“Why does a guy like me dream about making a western?”: Lisandro Alonso on Eureka
Argentinian director Lisandro Alonso fills us in on his three-part film Eureka, a spellbinding decolonised western that takes a formally unpredictable approach to the experiences of indigenous people in the Americas.
A black-and-white period western; a modern-day slice-of-life drama set on the Pine Ridge Indian Reservation; a dreamy extended coda that unfolds in the Brazilian jungle in the 1970s – Lisandro Alonso fuses multiple genres into a spellbinding whole in his latest film, Eureka. Having debuted in the Premiere section at last year’s Cannes Film Festival – the lengthy rendering process for the huge bird that briefly graces the film’s second half meant the movie was submitted too late for official competition – Eureka, which takes three distinct approaches to the experiences of indigenous people in the Americas, stands as one of the year’s most supremely confident, visually bewitching features. Its director fills us in on his first film since his international breakthrough, Jauja, ten years ago.

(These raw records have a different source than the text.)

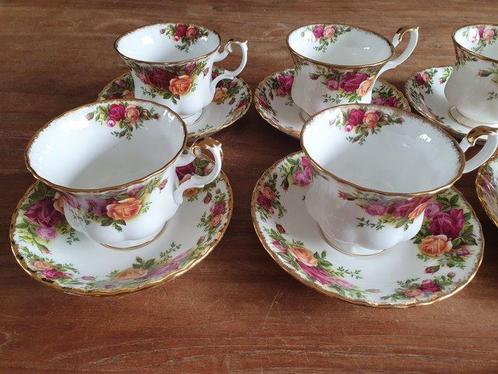Royal Albert - Royal Albert - Kop en schotel (6) - Old, Antiek en Kunst, Antiek | Meubels | Tafels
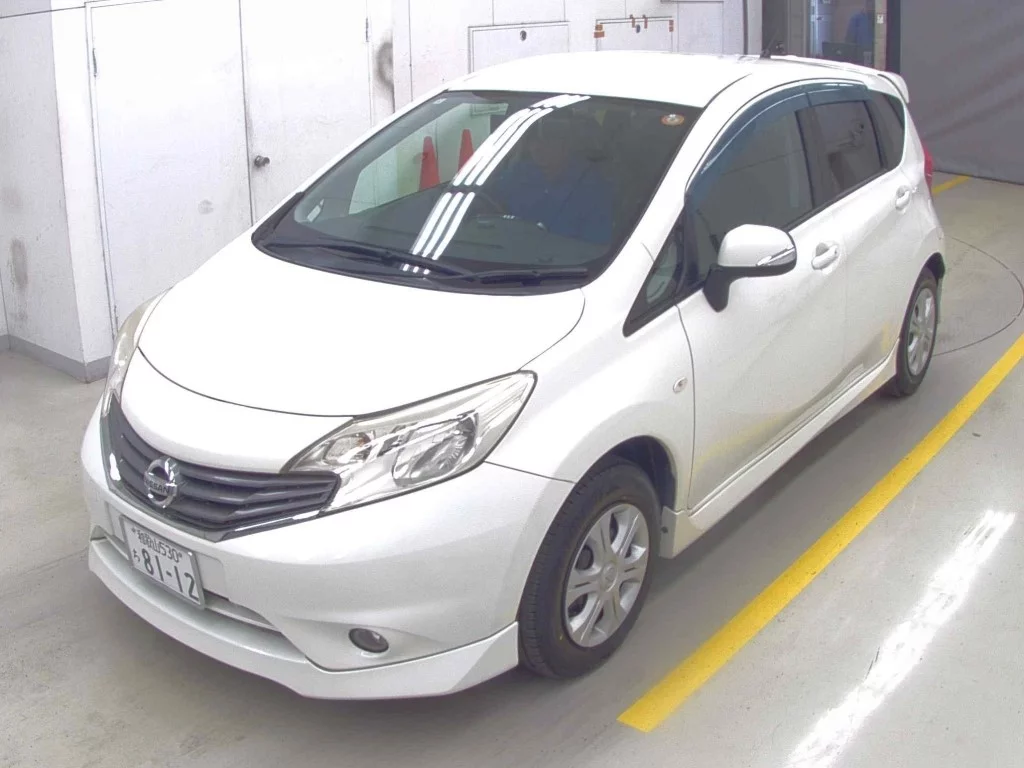 Nissan Note  с аукциона в Японии
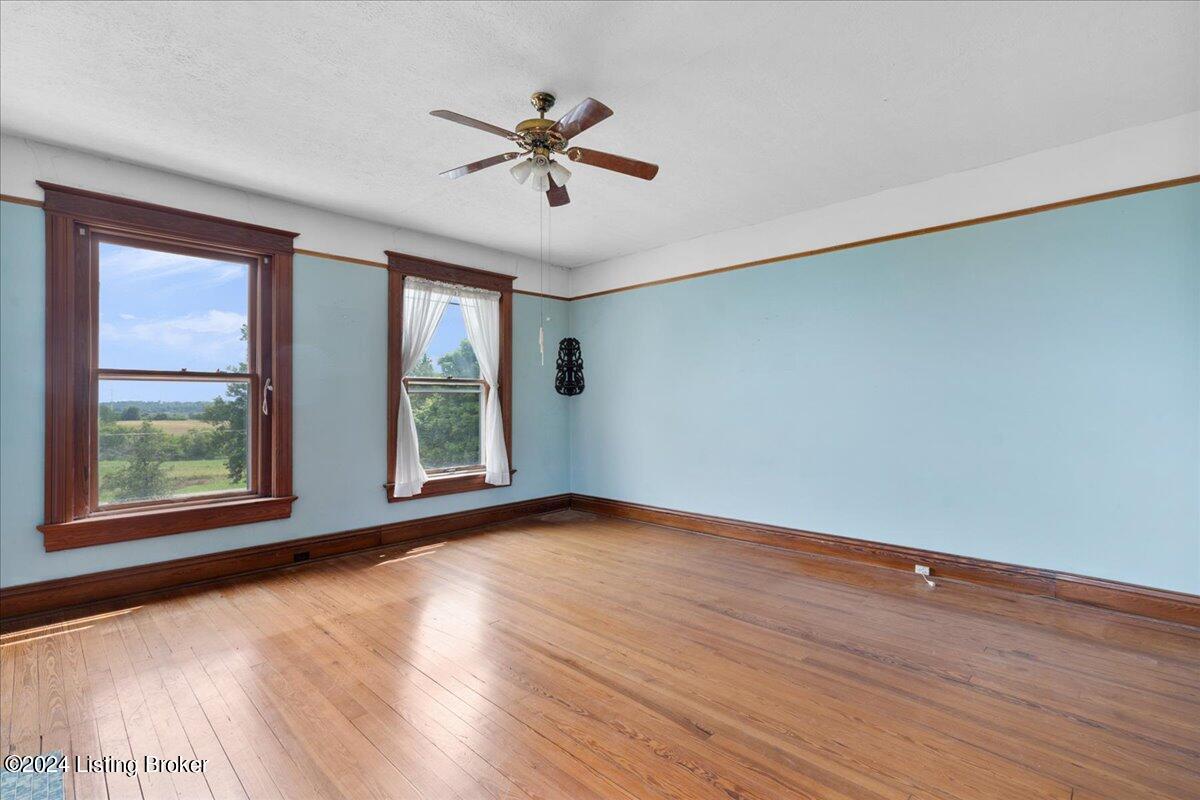 2888 Bardstown Rd, Springfield, Kentucky image 38
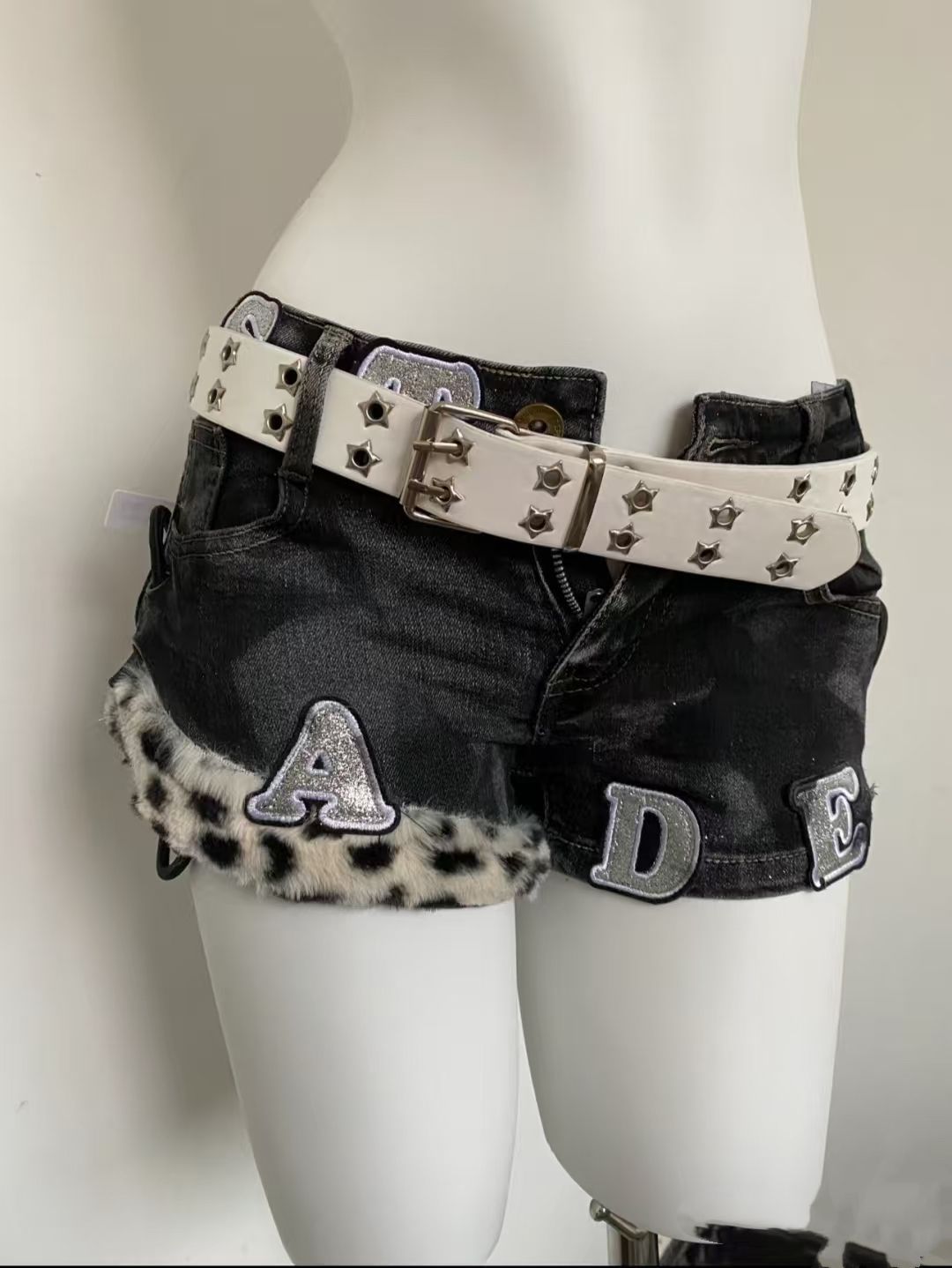 Y2k Embroidered Patch Denim Sh - огляд і ціна Street Fashion Hot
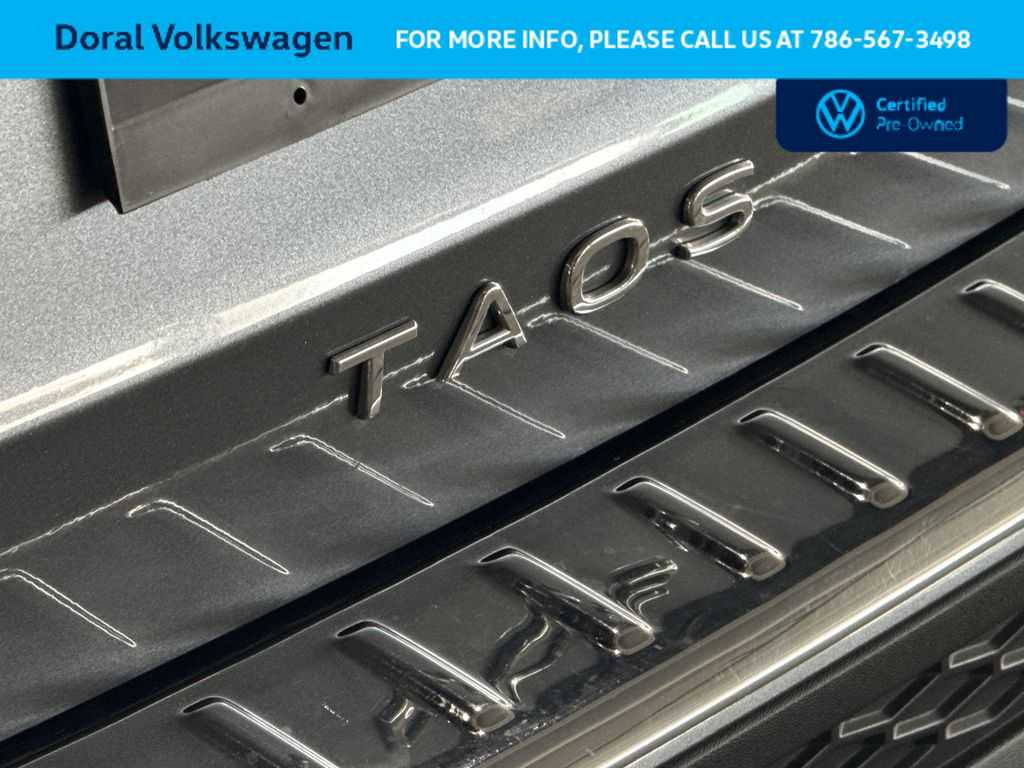 Certified 2024 Volkswagen Taos SE image 10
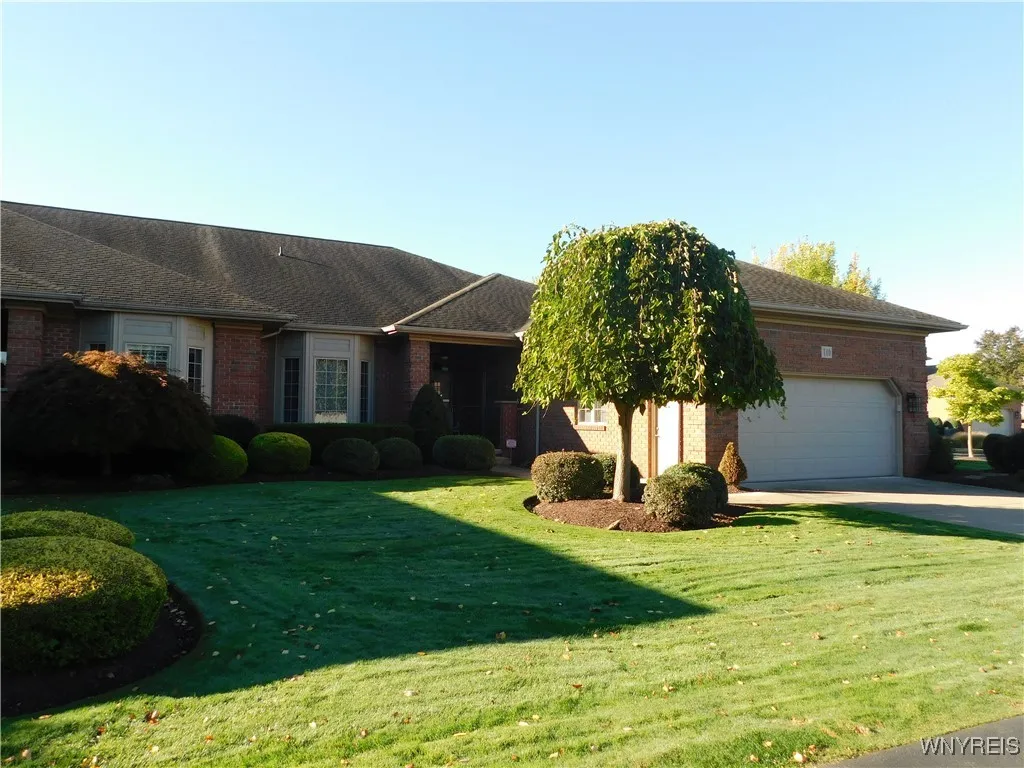 140 Hampton Hill Drive, Amherst, New York 14221, Amherst, New York 14221, 2 Bedrooms Bedrooms, 5 Rooms Rooms,2 BathroomsBathrooms,Residential,For Sale,140 Hampton Hill Drive, Amherst, New York 14221,0,B1649785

You’ve mentioned that you wanted to shoot a western because westerns are entertainment, and as such should be on screen. What else about the western genre appealed to you?
When I finished shooting Jauja, I kept thinking about those [Native Americans] that suddenly appear in some sequences. I asked myself why I hadn’t shot more on them, and said, “OK, for my next project, maybe I should go in that direction, with the indigenous people. Who in film represents them?” And I went straight to westerns. But then I realised that westerns don’t really represent them at all – how they walk, how they breathe, what projections they have in life, or how they live in the present day.
As a South American I was curious about it: why does a guy like me dream about making a western? Who put that idea in my mind as a filmmaker? This kind of cultural information, education, colonisation, whatever you want to call it. Why didn’t I want to make a film like, for example, Tsai Mingliang’s, or German Expressionism, or Italian neorealism?
There are a lot of people just walking from Central America, trying to get into the US. It takes them six months, a year. But if you show how the US treats its native people, you realise that there are huge problems for minorities. The main problem, in North, Central and South America, is the [discrepancy in life expectancy] between inside and outside the reservations. In Pine Ridge reservation, the average life is 50 years. If you move just 10 kilometres out, it’s 70 years. So that’s something to point out. I don’t want to be a political or social filmmaker, I don’t have any statements [to make], I’m not about that – but Pine Ridge was the only place I wanted to show something of how people lived.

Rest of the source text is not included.